Trotz neunstündiger Verhandlungen konnten sich am Freitag die Vertreter von Gewerkschaft und Arbeitgebern erneut auf keine Gehaltserhöhung für die rund 450.000 Beschäftigten im Handel einigen. Die Proteste gehen daher weiter, allerdings mit einer neuen Taktik. Ab heute werden nicht mehr einzelne Geschäfte sondern ganze Gewerbeparks bestreikt.
So werden jeweils ab 7:30 Uhr Streiks im Einkaufszentrum Shopping Nord in Graz und im Gewerbepark Ansfelden (Oberösterreich) durchgeführt. Das kündigte die Gewerkschaft GPA am Sonntag auf Anfrage der APA an. In Graz kommt es in der Früh auch zu Aktionen auf der Wiener- und Weinzöttlstraße. Die Proteste sollen maximal drei Stunden dauern. Wien und St. Pölten stehen am Dienstag auf dem Programm, Salzburg am Donnerstag.
Dabei sah es am Freitag schon fast nach einer Einigung aus. Zuletzt hatte die Gewerkschaft sozial gestaffelte Abschlüsse in der Größenordnung zwischen +8,58 Prozent und +9,38 Prozent vorgeschlagen. Das hätte im Schnitt ein Plus von 8,96 Prozent bedeutet, während für die Arbeitgeberseite maximal +8,2 Prozent "vorstellbar gewesen" wären.
"Der Produktivitätszuwachs im Handel ist negativ. Wir werden heuer rund ein reales Minus von etwa 3,6 Prozentpunkten haben. Es ist im Handel extrem schwierig. Wir kommen aus der Krisensituation der Coronazeit, sind dann in diese Teuerungskrise gekommen und da zählt jedes Zehntel Prozentpunkt.
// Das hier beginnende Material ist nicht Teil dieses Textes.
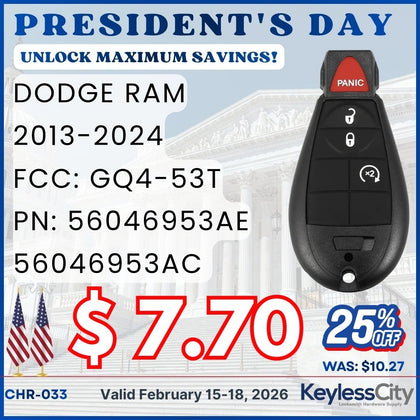 2013-2024 Dodge RAM / 4-Button Fobik Key / GQ4-53T (AFTERMARKET)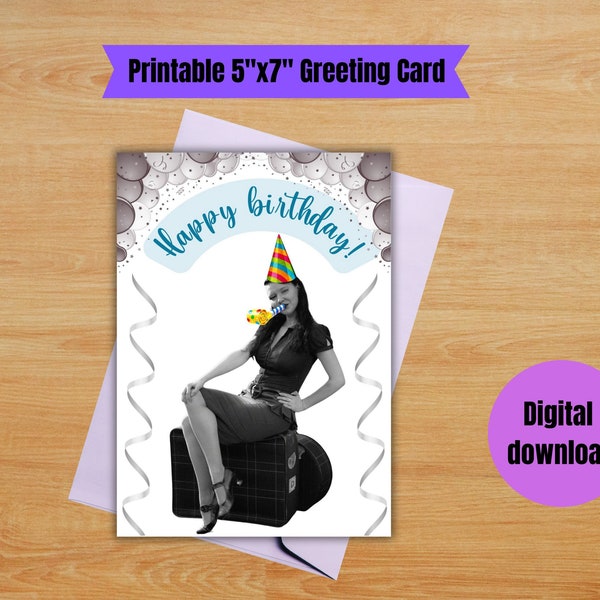 Celebration in Monochrome: Black and white Birthday Greetings Card.  Whimsical Birthday Greeting Card with a Pop of Colour.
Deshalb ist das ein ganz schwerer Prozess", erklärt Rainer Trefelik, Chefverhandler der Arbeitgeberseite, im Ö1-"Morgenjournal".
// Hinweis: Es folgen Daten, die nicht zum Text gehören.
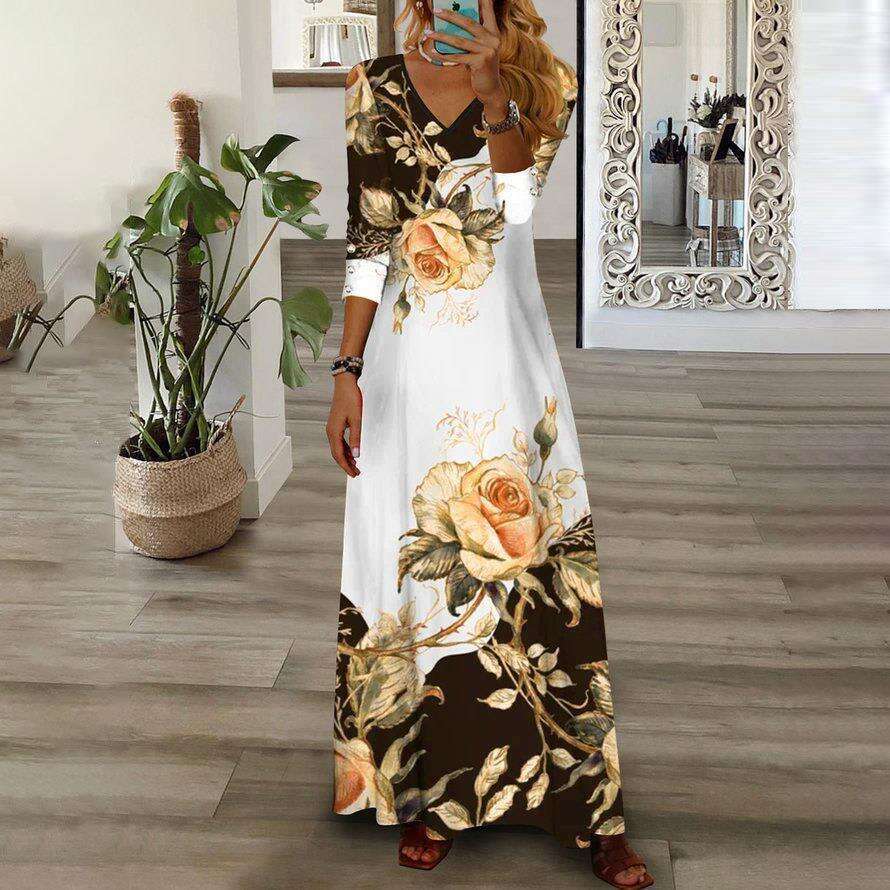 2023 Women's New Fashion Positioning Print V-Neck Button Long Sleeve Dress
Eine Mitschuld am Scheitern der Gespräche gibt die Gewerkschaft einer Spaltung innerhalb der Arbeitgeberschaft. So soll es einige "Hardliner" geben, die um jeden Preis einen Abschluss über dem aktuellen Gebot verhindern wollen. Große Handelsunternehmen wie Rewe und Spar hätten hingegen bereits Kompromissbereitschaft bekundet.
Dennoch gibt die Gewerkschaft die Hoffnung auf einen Weihnachtsfrieden nicht auf. "Die vielen Unternehmen im Handel wollen wirklich für die Beschäftigten im Handel einen Gehaltsabschluss und wollen, dass jeder das Weihnachtsfest auch gut verbringen kann – und dazu braucht es einen Termin, damit man auch diesen Abschluss, so wie es viele Branchen schon getan haben, zu einem guten Ende bringen kann", so die gewerkschaftliche Chefverhandlerin Helga Fichtinger zum ORF.
Doch Trefelik winkt vorerst ab: "Beide Seiten waren am Freitag der Meinung, dass es in dieser Woche keinen Sinn mehr macht. Eine Phase des Abkühlens, des Nachdenkens, des neu Bewertens, ist ratsam. Danach sollten wir uns zusammensetzen, den Weihnachtssprit mitnehmen ... ob noch vor Silvester oder erst im neuen Jahr? Das ist offen, da bin ich zu allem bereit."